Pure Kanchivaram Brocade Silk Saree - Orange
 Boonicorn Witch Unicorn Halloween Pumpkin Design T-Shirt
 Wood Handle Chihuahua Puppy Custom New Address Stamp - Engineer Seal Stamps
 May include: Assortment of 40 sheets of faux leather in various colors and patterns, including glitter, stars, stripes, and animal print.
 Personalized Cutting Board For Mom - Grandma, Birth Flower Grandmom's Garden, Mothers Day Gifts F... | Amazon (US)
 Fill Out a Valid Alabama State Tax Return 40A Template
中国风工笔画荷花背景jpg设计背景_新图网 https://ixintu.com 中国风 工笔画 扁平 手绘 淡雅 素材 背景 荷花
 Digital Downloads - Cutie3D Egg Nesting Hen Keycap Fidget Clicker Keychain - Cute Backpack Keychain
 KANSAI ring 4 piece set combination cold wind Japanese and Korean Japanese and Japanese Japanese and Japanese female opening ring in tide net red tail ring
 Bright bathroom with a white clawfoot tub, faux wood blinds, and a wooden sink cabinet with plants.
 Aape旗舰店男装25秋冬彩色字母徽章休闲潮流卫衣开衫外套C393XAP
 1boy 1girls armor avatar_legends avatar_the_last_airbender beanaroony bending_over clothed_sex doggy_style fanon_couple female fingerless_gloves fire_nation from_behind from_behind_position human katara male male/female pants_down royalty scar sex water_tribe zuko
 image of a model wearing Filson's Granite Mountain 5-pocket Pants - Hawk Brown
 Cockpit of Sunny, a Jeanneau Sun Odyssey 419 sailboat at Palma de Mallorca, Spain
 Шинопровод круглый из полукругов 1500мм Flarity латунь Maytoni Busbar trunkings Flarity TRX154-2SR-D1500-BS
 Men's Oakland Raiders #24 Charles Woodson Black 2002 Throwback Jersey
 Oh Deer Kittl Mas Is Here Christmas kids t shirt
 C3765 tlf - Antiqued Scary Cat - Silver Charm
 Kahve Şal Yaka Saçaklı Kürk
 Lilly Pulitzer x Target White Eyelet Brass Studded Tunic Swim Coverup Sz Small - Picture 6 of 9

- **PROBLEM TO WORK ON**
Write the entries out once more, exactly as they appear.

- **RESULT FOR THIS EXERCISE**
Pure Kanchivaram Brocade Silk Saree - Orange
 Boonicorn Witch Unicorn Halloween Pumpkin Design T-Shirt
 Wood Handle Chihuahua Puppy Custom New Address Stamp - Engineer Seal Stamps
 May include: Assortment of 40 sheets of faux leather in various colors and patterns, including glitter, stars, stripes, and animal print.
 Personalized Cutting Board For Mom - Grandma, Birth Flower Grandmom's Garden, Mothers Day Gifts F... | Amazon (US)
 Fill Out a Valid Alabama State Tax Return 40A Template
中国风工笔画荷花背景jpg设计背景_新图网 https://ixintu.com 中国风 工笔画 扁平 手绘 淡雅 素材 背景 荷花
 Digital Downloads - Cutie3D Egg Nesting Hen Keycap Fidget Clicker Keychain - Cute Backpack Keychain
 KANSAI ring 4 piece set combination cold wind Japanese and Korean Japanese and Japanese Japanese and Japanese female opening ring in tide net red tail ring
 Bright bathroom with a white clawfoot tub, faux wood blinds, and a wooden sink cabinet with plants.
 Aape旗舰店男装25秋冬彩色字母徽章休闲潮流卫衣开衫外套C393XAP
 1boy 1girls armor avatar_legends avatar_the_last_airbender beanaroony bending_over clothed_sex doggy_style fanon_couple female fingerless_gloves fire_nation from_behind from_behind_position human katara male male/female pants_down royalty scar sex water_tribe zuko
 image of a model wearing Filson's Granite Mountain 5-pocket Pants - Hawk Brown
 Cockpit of Sunny, a Jeanneau Sun Odyssey 419 sailboat at Palma de Mallorca, Spain
 Шинопровод круглый из полукругов 1500мм Flarity латунь Maytoni Busbar trunkings Flarity TRX154-2SR-D1500-BS
 Men's Oakland Raiders #24 Charles Woodson Black 2002 Throwback Jersey
 Oh Deer Kittl Mas Is Here Christmas kids t shirt
 C3765 tlf - Antiqued Scary Cat - Silver Charm
 Kahve Şal Yaka Saçaklı Kürk
 Lilly Pulitzer x Target White Eyelet Brass Studded Tunic Swim Coverup Sz Small - Picture 6 of 9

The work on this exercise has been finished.